Shots fired. It’s the third time tonight the call has come across the radio and Lt. Pat Kelly is becoming concerned. ”They’re moving us around out here.”

Standing by a take-out Chinese spot just a block from the reported shots, two men eye the lieutenant’s car as he pulls up. The question is the same one being asked by half a dozen other cops now descending onto this part of the 19th District.

“Did you see anything?”

One man tells Kelly that he may have heard something but couldn’t be sure from which direction it had come. The other man repeats three times that he just walked outside.

“OK. Relax,” assures Kelly. “We’re just trying to find out what’s happening.” 

Spanning six square miles on Philadelphia’s western edge, the 19th District is on the front lines of the daily battle against gun crime in this country. With an average of 40 gun-related homicides a year in this southwest Philly district alone and hundreds of illegal gun seizures, the 19th represents a picture of violence familiar to many of America’s inner cities.

It’s a place where gunfire has become so common, these questions so routine and attitudes toward police so entrenched, that most people barely lift their heads to answer the officer’s questions.

Kelly has been with the Philadelphia Police Department for 21 years. He worked narcotics in the ’90s — undercover — participating in more drug buys than he can count. “Drugs and poverty go hand-in-hand,” he says. “It’s despair, that’s what has a big effect on people.” 

A gunshot is a priority one call. It means lights and sirens and running red lights. It also means Kelly, his tactical squad and sometimes a few line cars, all converge on one area. These calls have been coming in all night but the police keep coming up empty handed.

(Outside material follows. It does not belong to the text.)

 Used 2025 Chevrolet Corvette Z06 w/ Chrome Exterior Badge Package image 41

Over the radio, a fourth call comes in. It’s more of the same: gunshots heard near Lansdale Avenue.

“I’m going to call dispatch,” says the lieutenant while shutting off the siren. “Maybe find out where these calls are coming from. Could be we’re chasing our tails out here.”

There’s a part of all police work that’s responsive like this, what the officers call Whack-a-Mole. It means jumping from call to call, always on the heels of the violence. But it stands out on a larger scale, too. And it goes some way to explaining the fractured state of some of the 19th District’s neighbors.

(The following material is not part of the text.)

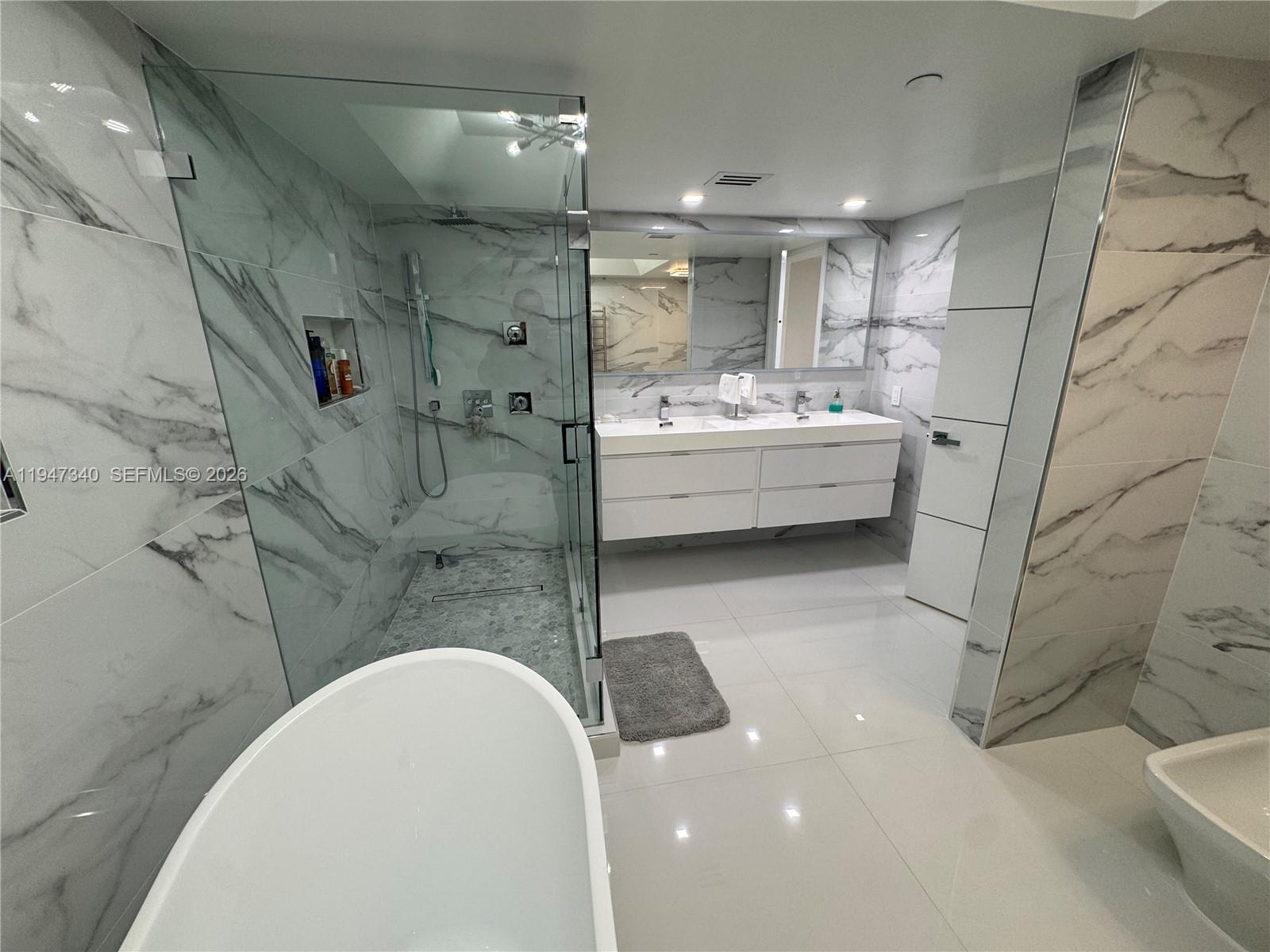 LEXCELLENCE CONDO - Residential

In the ’90s, larger street gangs, organized and equipped, controlled these streets. But as the police targeted known leaders, the gang control splintered, dividing territory and neighborhood allegiances. It’s not uncommon now to see a gang from 50th Street fighting a gang from 51st. Though even the term gang seems a poor description to the cops of the 19th.

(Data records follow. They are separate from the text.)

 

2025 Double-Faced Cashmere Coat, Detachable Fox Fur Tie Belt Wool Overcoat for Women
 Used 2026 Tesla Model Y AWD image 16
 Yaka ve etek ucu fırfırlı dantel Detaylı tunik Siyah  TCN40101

“These are like neighborhood gangs,” an officer in an undercover car informs me. “They’re cliques or crews. Young kids mostly.”

Cell phones, like the fracturing of the larger gangs, have changed the nature of the drug trade in these neighborhoods as well. What once existed on street corners and drug houses has moved more and more to private sales on the borders of the city, where buyers from the suburbs feel safer and less conspicuous. It’s reduced not only the need for conventionally structured gangs but also the need to hold actual territory in the city.

Kelly says drug-related violence used to happen in spikes.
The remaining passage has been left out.